Many of these products are not available in N.A.(or at least not common) so few of us on this side of the ocean will be personally familiar with most of these products. IMO a higher amount of spirulina should generally be seen as something preferable; not something to try and avoid. It could be seen as a sign of quality....as a posed to many other ingredinets that are put in fish food. Having an actual % breakdown of its ingredients and looking at it, I would think that JBL is at least decent feed, if not exceptional.


----------



## BC in SK (Aug 11, 2012)

This link has a % breakdown for JBL Malawi Novo http://www.zooplus.co.uk/shop/fish/food/fish_flakes/jbl/134552. It's similar to JBL spirulina, though not identical. To list algae as the 1st ingredient, it must be in a wet state, as at 19% it's really not the 1st ingredient.

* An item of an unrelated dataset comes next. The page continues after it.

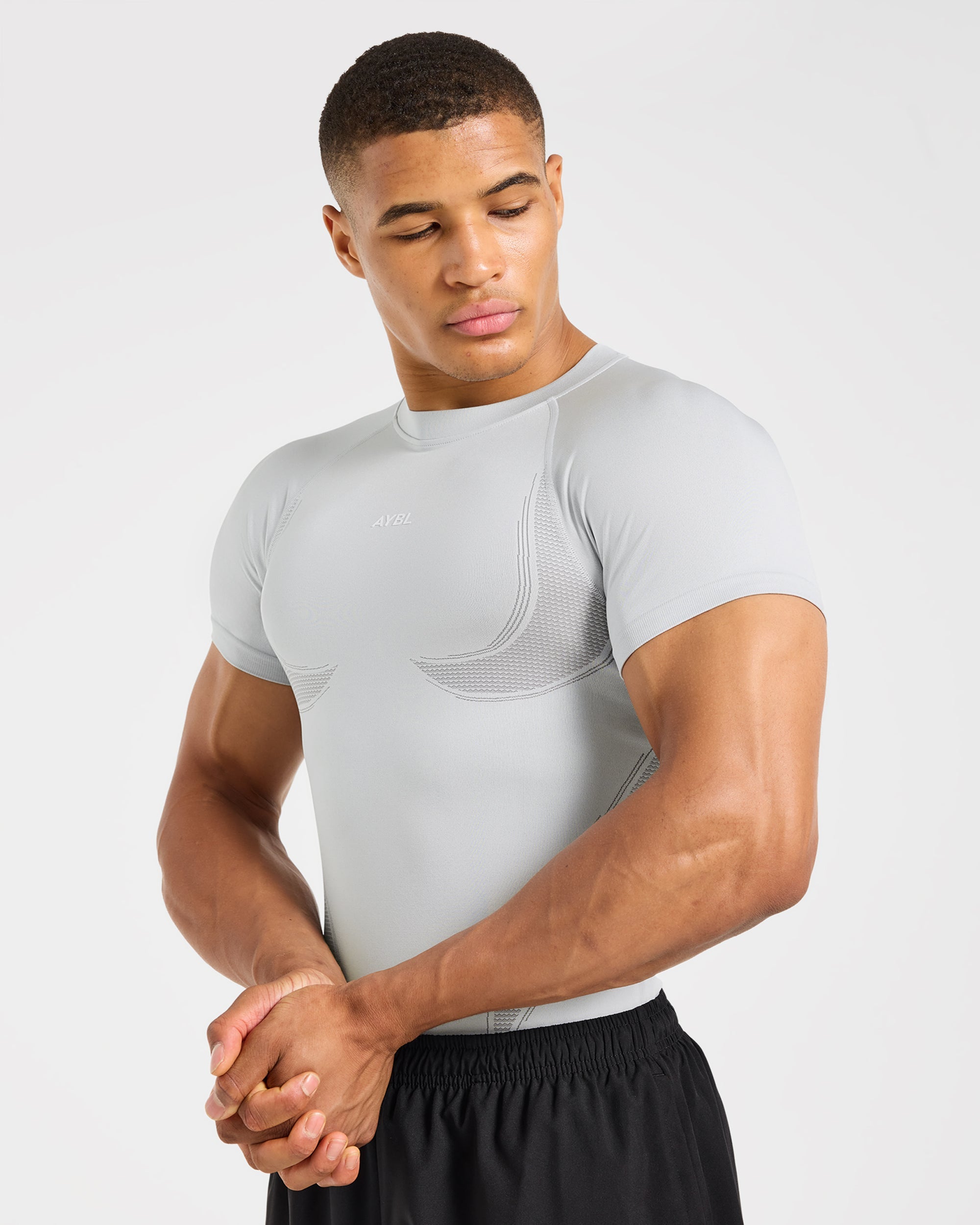 Charge Seamless T Shirt - Light Grau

Something to note with all fish foods is that ingredients are listed by weight. If it's in it's wet form, it may end up many times less once the product is subjected to high heat and dried into a pellet. If it doesn't say "meal" or is known to be dry such as grains, the order that ingredients are listed can be very deceiving.
Anyways, algae at 19%, and 38% of that being spirulina, makes the product 7% spirulina. Probably higher the many, if not most feeds out there. All pellets and flakes require grains as a binder. Generally, grains are thought to be poor nutrition for fish......so using less should make a better feed. My understanding is that 20% is about the minimum in order for a pellet or flake to hold together. Malawi Novo at 27% cereal does have significantly more then JBL spirulina at 20% cereal.....though I would suspect that this is at the very low end of the spectrum compared to many products out there, as grains are amongst the cheapest ingredients. Some fish feeds have numerous grains listed separately and may very well add up to over 50% of the product (Also by listing some ingredients by there wet weight and thereby pushing grains farther down the ingredient list!)


----------